Sergey cursou ciência política, entre 2015 e 2018, no Trinity College, da Irlanda, já utilizando sua identidade brasileira. Depois disso, fez um mestrado nos Estados Unidos, em Relações Internacionais, na Universidade John Hopkins, próxima da capital Washington. Coincidentemente, um dos chefes do departamento onde estudou, Filipe Campante, é brasileiro e relatou à imprensa que o aluno jamais o procurou. “Não me parece tão estranho. Acho que estaria talvez evitando engajar-se com os brasileiros para não comprometer a identidade falsa”, avaliou.
A prisão
Viktor Ferreira, ou melhor, Sergey Cherkasov, era monitorado pelas autoridades holandesas em abril do ano passado quando já se encontrava no país. Ele então fez uma visita ao Brasil por alguns dias. Na volta, teve a entrada negada por conta dos documentos falsos e foi enviado de volta para cá. Chegando em São Paulo foi preso e levado para a carceragem da Polícia Federal.
Nos primeiros meses em que esteve preso, negou que fosse russo.
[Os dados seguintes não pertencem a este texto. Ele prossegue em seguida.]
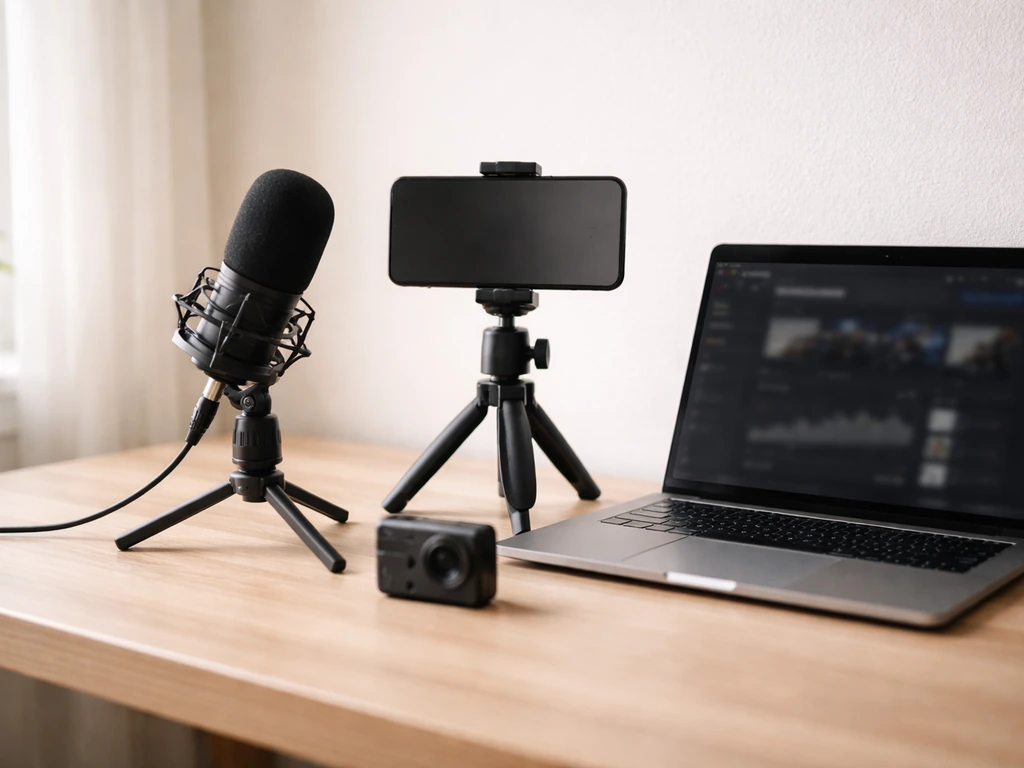 Minimal desk setup for a YouTube creator: mic, tripod with phone, and a dark analytics-style screen.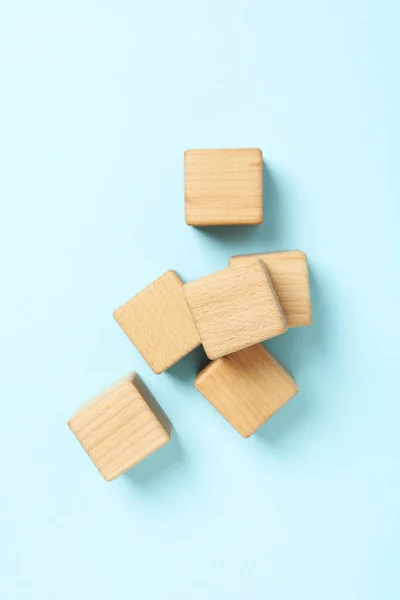 stock image Blank wooden cubes for different concepts, top view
Insistiu que se chamava Viktor e era brasileiro. Mais especificamente, filho de pai português com mãe brasileira, que fora criado por uma tia na Argentina. Foi só a partir de junho, quando passou a receber visitas de um diplomata russo, que admitiu sua verdadeira identidade para as autoridades brasileiras. Ainda assim, permanecia negando que fosse um espião.
No final de novembro Sergey teve pedido de prisão domiciliar negado e foi transferido para um presídio em Brasília – o domicílio, no caso, seriam as próprias instalações do consulado russo em São Paulo.